Imprimer cet article Envoyer cet article

Le masque, le tuba et la plume Les jeunes qui aimaient les livres (1/2)

Amoureux des livres, les jeunes à l’origine de Biblioland comptent faire de la manifestation un événement annuel

Primés en mars, au Salon de l’agriculture lors de la remise des prix de l’appel à projets jeunes pour « À livre ouvert », Margot, Arthur et Rémi n’ont pas chômé depuis, avec des projets en pagaille. Nous les retrouvons fin juillet à l’initiative de Biblioland au lac de Serre-Ponçon, dans les Hautes-Alpes, pour une plongée dans le monde de la lecture.

Tout a commencé avec la création d’un club de lecture au sein du lycée Honoré-Romane d’Embrun où étudient les trois jeunes : « L’objectif était de se réunir pour parler de nos lectures, nous conseiller les uns les autres, raconte Rémi. Au départ, nous étions deux, puis rapidement nous avons été une dizaine. » Un premier chapitre loin d’être suffisant pour les lycéens qui ont souhaité poursuivre l’histoire : « Plus de monde. Il faut que l’on mobilise plus de monde. »

À force de volonté et de passion, Rémi, Margot et Arthur ont dressé un vrai plan de bataille pour remettre les livres dans les mains des jeunes et éloigner un peu des écrans qui collent à leurs mains : « Il y a peu de temps, j’ai vu une poussette de laquelle sortait une main d’enfant agrippée à un smartphone. Je me suis dit que ça allait trop loin », s’emporte presque Rémi.

Et ce problème touche encore plus les adolescents, comme le rappelle Élisabeth Mérighi, coordinatrice des projets d’Euroscope, l’association qui épaule le trio dans l’organisation de la manifestation : « Certains jeunes sont réellement isolés et restent chez eux devant leur ordinateur et sur les réseaux sociaux. Ils ne pensent pas du tout à ouvrir un livre ».

Une histoire à inventer

Les trois amis échangent, couchent sur le papier plusieurs idées pour n’en retenir que quelques-unes, dont un marque-page pour faire connaître le club de lecture.

Au-delà de la lecture, Biblioland, c’est aussi un festival qui fait la part belle à l’art urbain.

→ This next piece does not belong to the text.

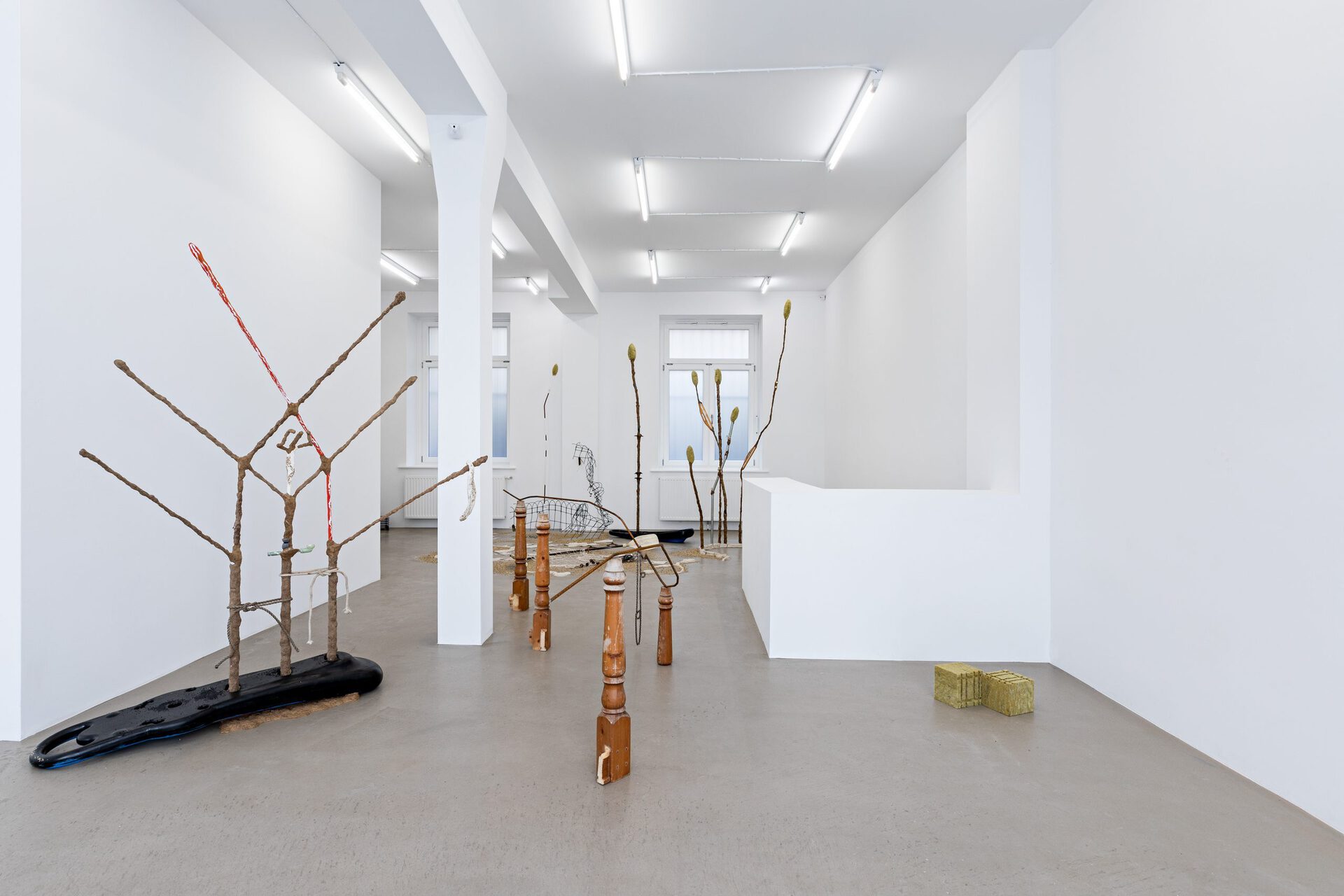 Michelle Chang Qin, Trade Gold for Stone, 2022, Metal, clay, cultiwool, table leg, wire, incense-holder, plastic, chainring, sealant, aquarium-sand, bassin, candlewick, thread, synthetic grapes, bike chain, acrylic, pipe, rope, granules, chair, gold glitter, paddle, fish net, pedal, fence, metal triangles Dimensions variable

Les petits du centre aéré d’Embrun en ont fait la démonstration.

Mais une fois réalisé et distribué, le deuxième projet a rapidement pris le relais : « Nous avons voulu mettre en place une bibliothèque de rue, comme ce qui se faisait dans les années 1960 dans les quartiers défavorisés », explique Margot. Ils ont alors fabriqué un kamishibaï. Il s’agit d’un petit théâtre en bois dans lequel on fait défiler des images. Au dos de ces images, les textes contés aux spectateurs : « Nous allons dans les parcs ou dans la rue à la rencontre des enfants, principalement pour leur donner le goût de la lecture et des histoires », explique-t-elle.

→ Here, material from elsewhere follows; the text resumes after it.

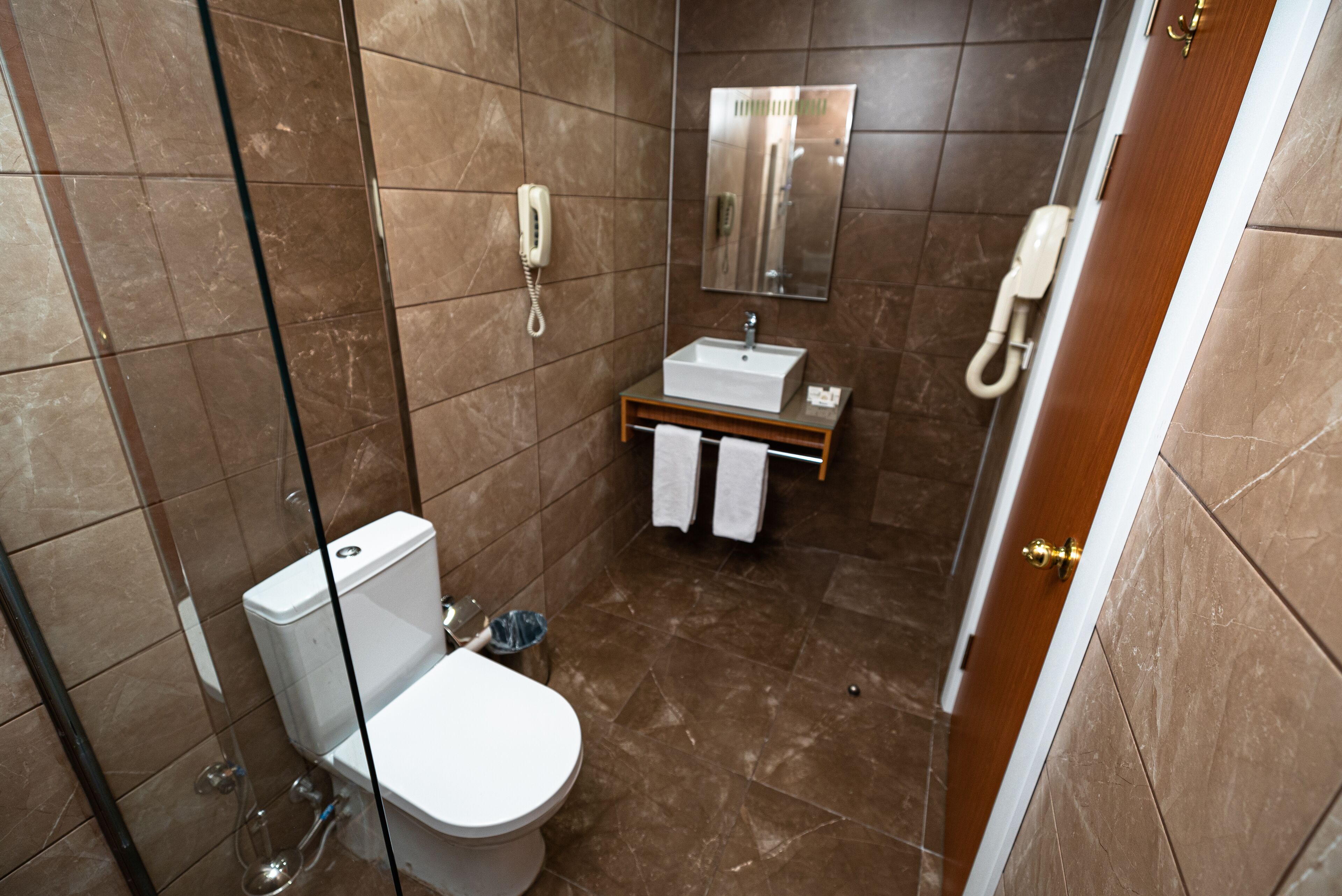 Un baño moderno con inodoro, lavamanos y dos teléfonos instalados en la pared.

Le kamishibaï fabriqué par Margot, Rémi et Arthur a fait sensation lors du Biblioland : « C’est la première fois que je vois ce petit théâtre en bois », s’étonne une maman.

Mais, depuis quelques semaines, les trois jeunes ont délaissé les parcs pour se consacrer à Biblioland. Intercours et week-ends sont désormais dédiés à la préparation du festival avec, pour objectif principal, de faire venir des auteurs, des vrais : « Nous avons contacté les maisons d’édition et les auteurs Franck Thilliez, Bernard Werber ou encore Max Chattam… Sans réponse. » Déçus mais pas abattus, les jeunes revoient leurs ambitions à la baisse et visent les auteurs régionaux. Bingo ! Certains d’entre eux acceptent de participer à Biblioland : « C’est génial de discuter avec de vrais écrivains », s’enthousiasme encore Rémi. Raymond Delpierre, auteur de polar, Paul Lamour, poète, Béhém, auteur de BD, ou encore Marie Matera et ses livres jeunesse répondent présent pour dédicacer leurs livres et échanger avec les lecteurs.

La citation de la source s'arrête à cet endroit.